### Task to complete
Write the entries out exactly. Any images they hold stay out of the copy.

[Task data Boundary: Start]

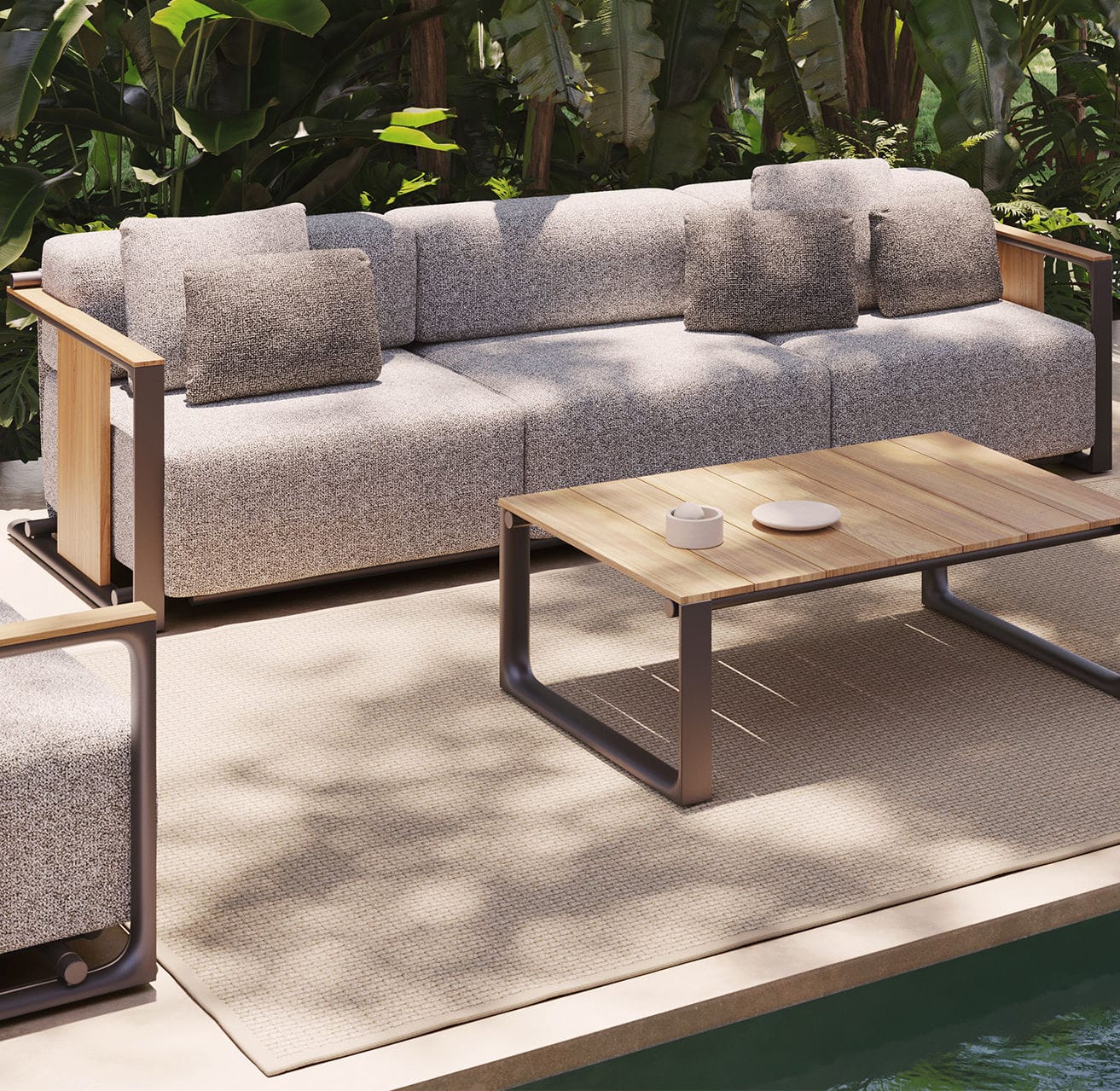 Sofá contemporáneo Tulum - Vondom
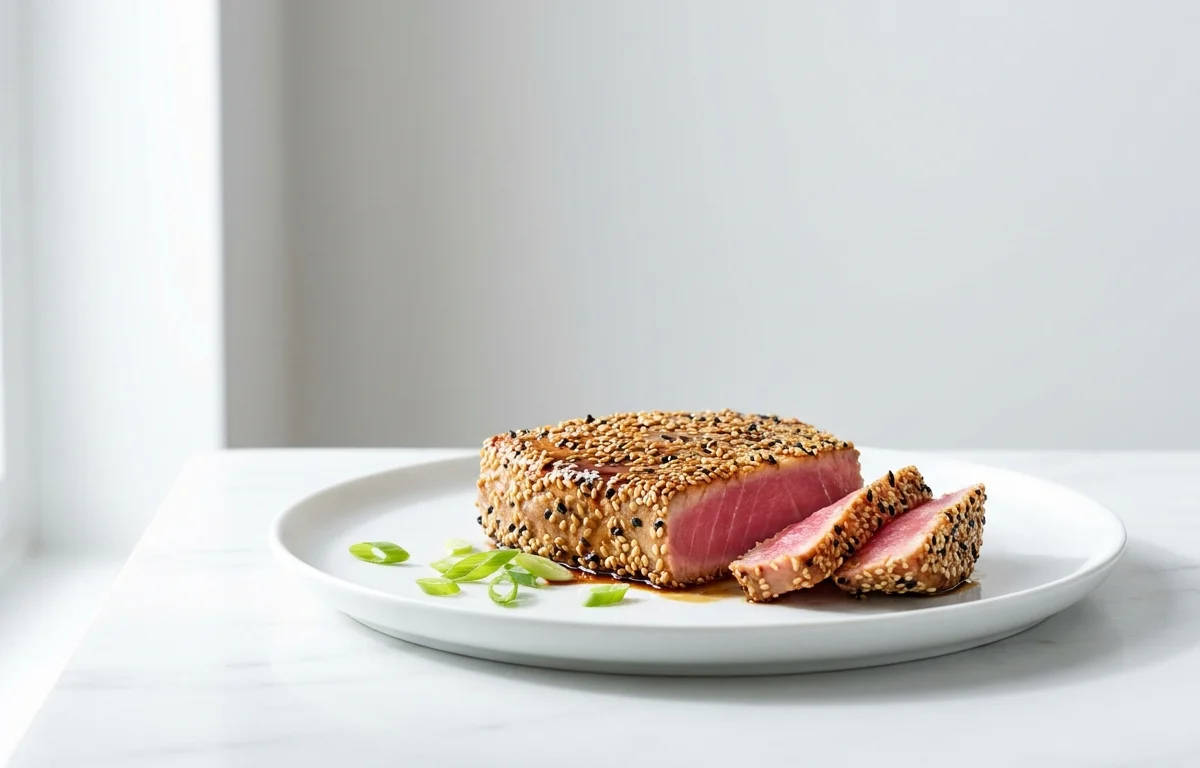 Sesame-Crusted Tuna Steak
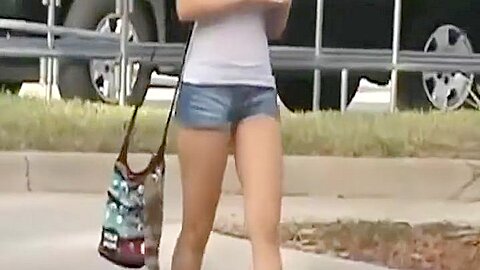 Spying a lot of girls in skimpy shorts | watch  HD hidden cam xxx movie for free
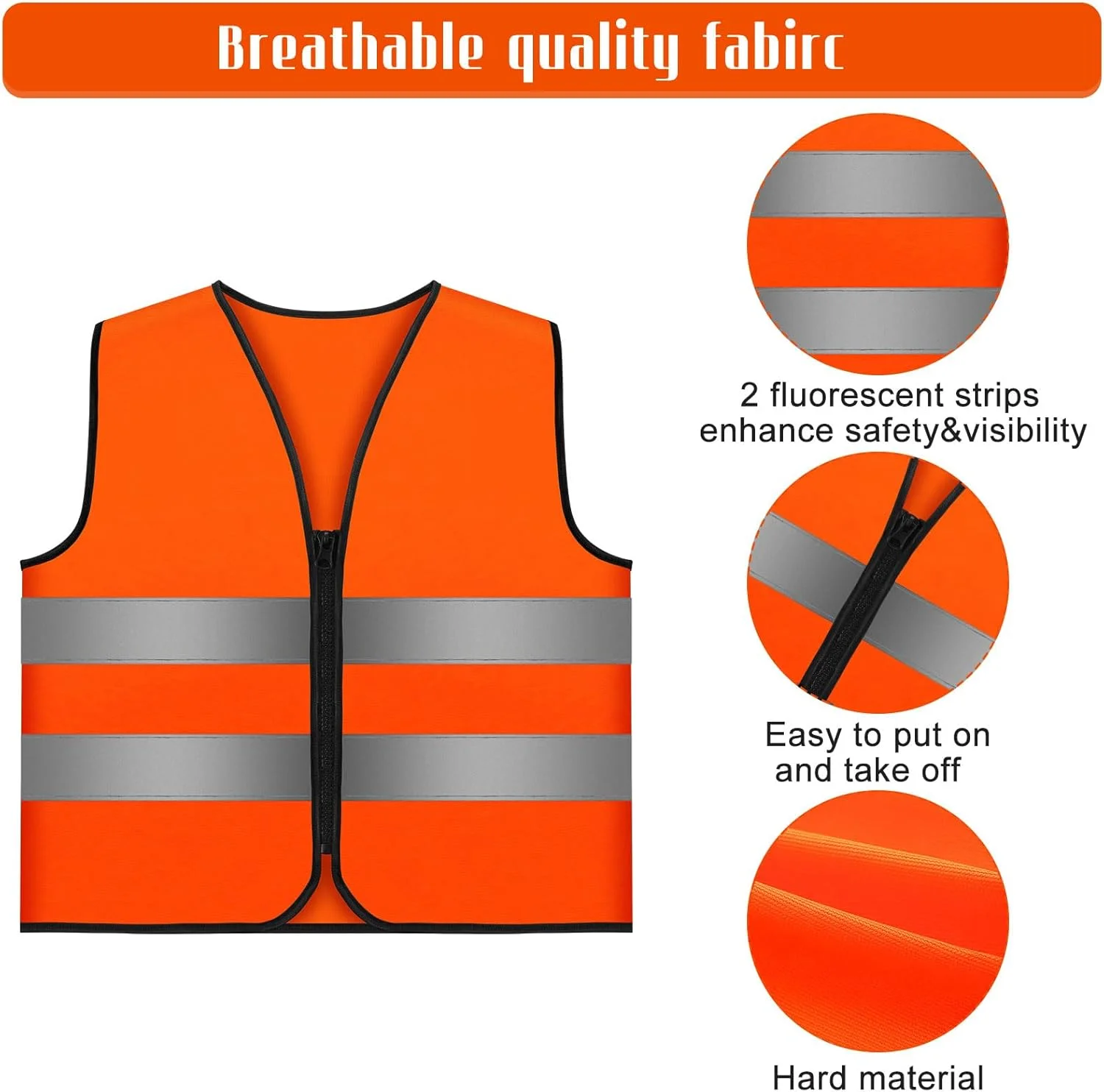 ست جلیقه شکار نارنجی و کلاه بافتنی برای کودکان (2 تکه) لباس شکار بازتابنده با دید بالا جلیقه های ایمنی نارنجی آتشین برای ساخت و ساز، لباس دویدن، پیاده روی شبانه، پیاده روی، پسران و دختران در فضای باز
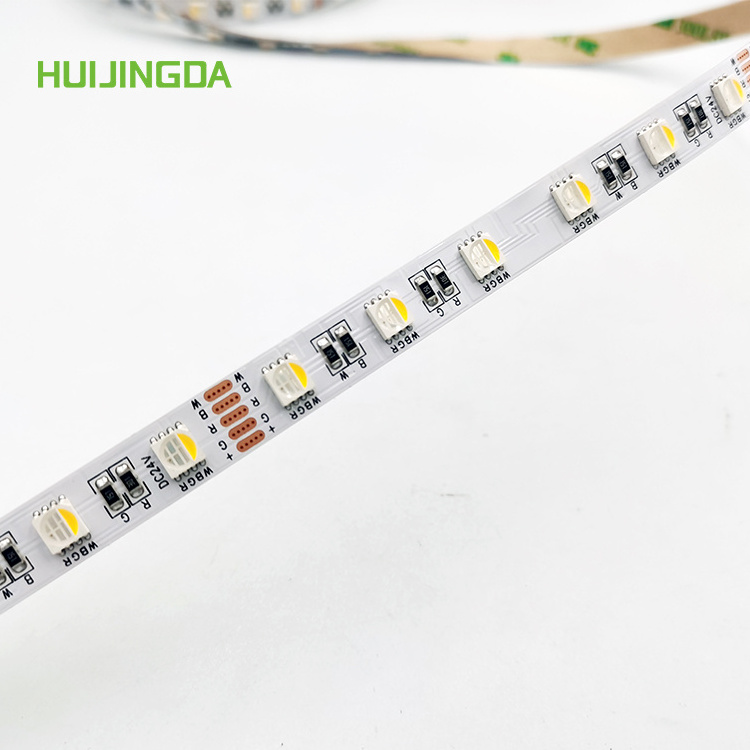 Wholesale 10mm PCB 24V 5M 5050 SMD RGBW ip20 Flexible Led Strip/Smart Strip Light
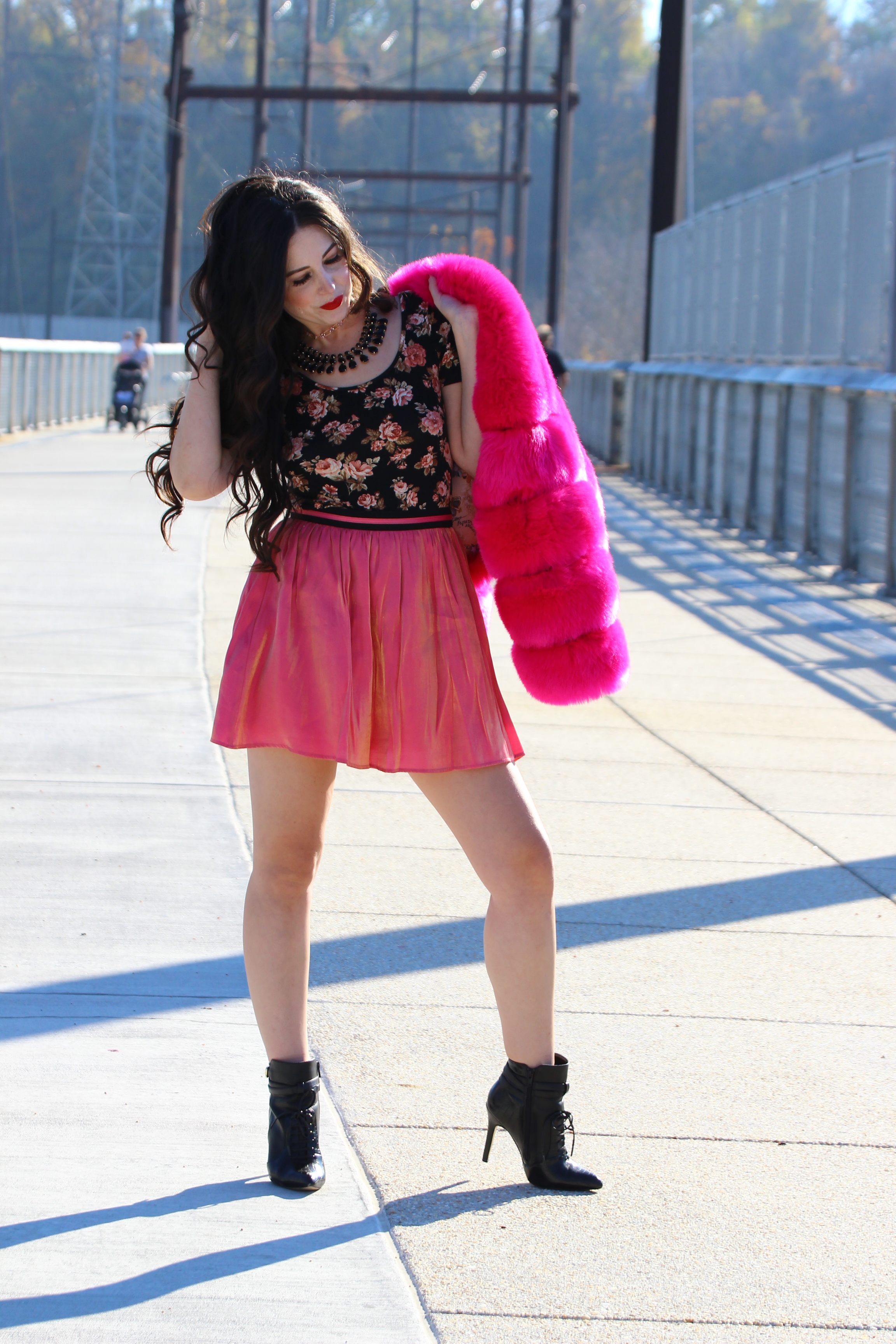 faux fur fall fashion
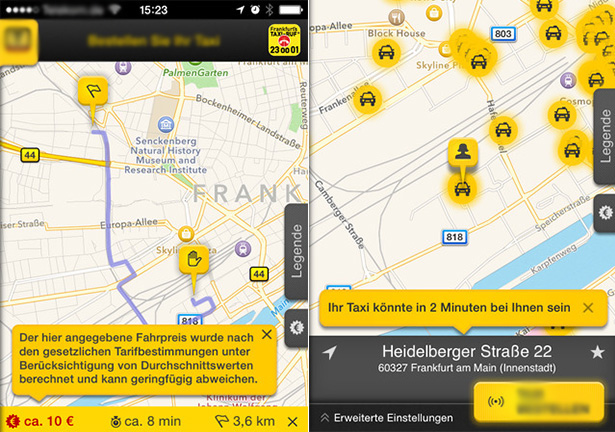 Taxi Finder App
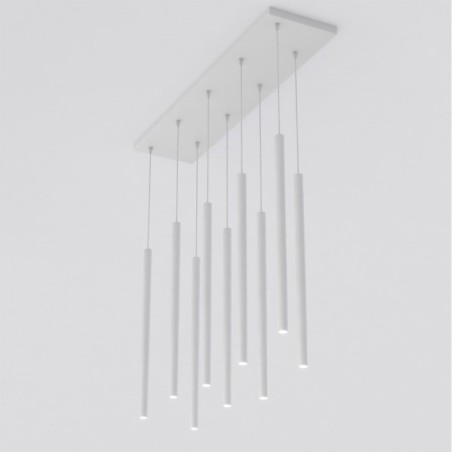 Lámpara colgante Uza Gris (9 luces)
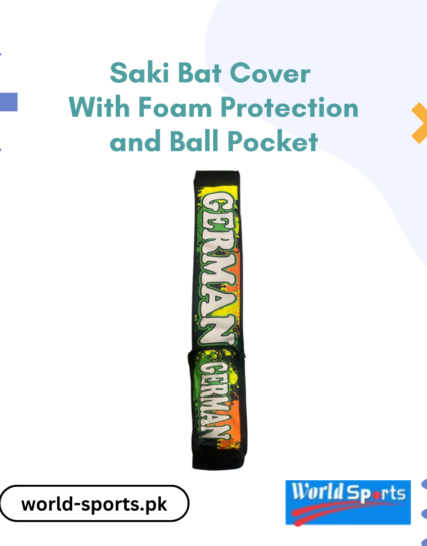 Saki Bat Cover with Foam Protection & Ball Pocket – Premium Cricket Bat Case for Maximum Safety & Convenience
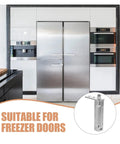 Concealed Cabinet Door Hinge One Piece Silver For Fridge And Freezer Replacement Must Have Adjustable Smooth Operation Easy Install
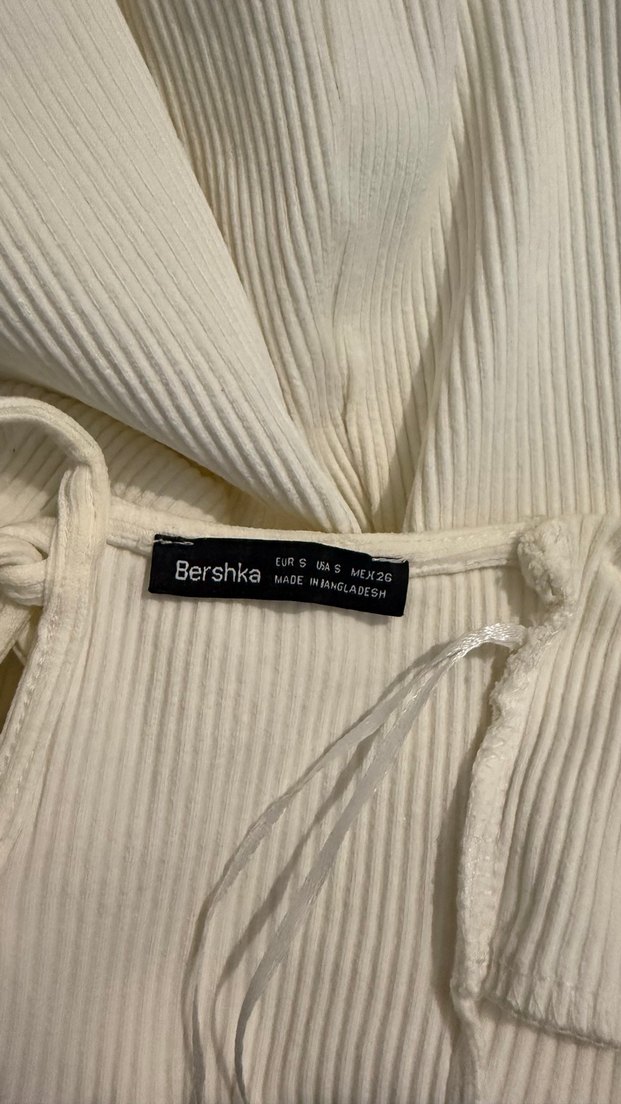 Beyaz Askılı Mini Elbise - Görsel 3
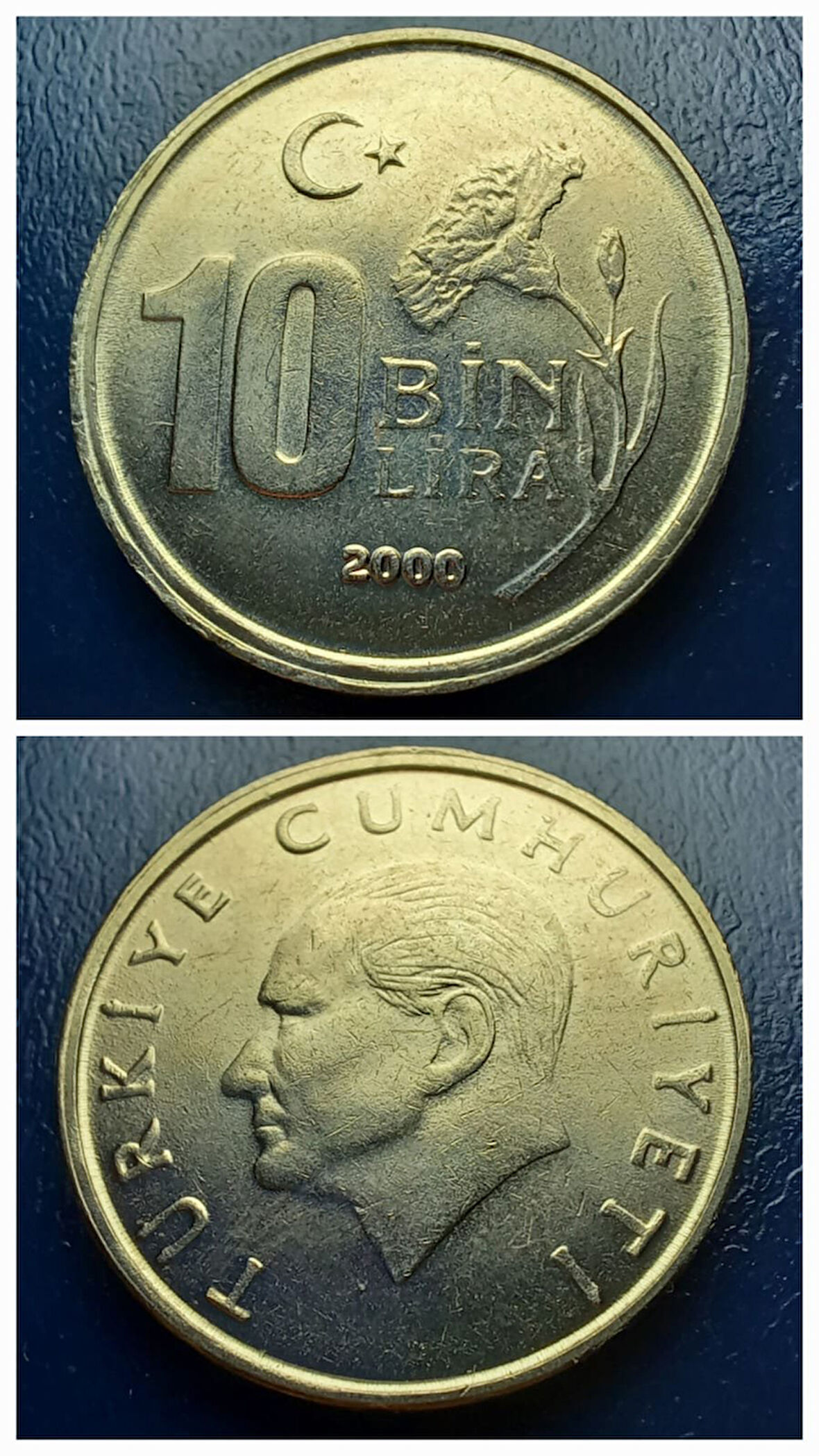 Escoines Koleksiyon 3996368014ac59e2c8 10.000 Lira 2000 ÇİL Eski Madeni Para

[Task data Boundary: End]

### Solution for this exercise
 Sofá contemporáneo Tulum - Vondom
 Sesame-Crusted Tuna Steak
 Spying a lot of girls in skimpy shorts | watch  HD hidden cam xxx movie for free
 ست جلیقه شکار نارنجی و کلاه بافتنی برای کودکان (2 تکه) لباس شکار بازتابنده با دید بالا جلیقه های ایمنی نارنجی آتشین برای ساخت و ساز، لباس دویدن، پیاده روی شبانه، پیاده روی، پسران و دختران در فضای باز
 Wholesale 10mm PCB 24V 5M 5050 SMD RGBW ip20 Flexible Led Strip/Smart Strip Light
 faux fur fall fashion
 Taxi Finder App
 Lámpara colgante Uza Gris (9 luces)
 Saki Bat Cover with Foam Protection & Ball Pocket – Premium Cricket Bat Case for Maximum Safety & Convenience
 Concealed Cabinet Door Hinge One Piece Silver For Fridge And Freezer Replacement Must Have Adjustable Smooth Operation Easy Install
 Beyaz Askılı Mini Elbise - Görsel 3
 Escoines Koleksiyon 3996368014ac59e2c8 10.000 Lira 2000 ÇİL Eski Madeni Para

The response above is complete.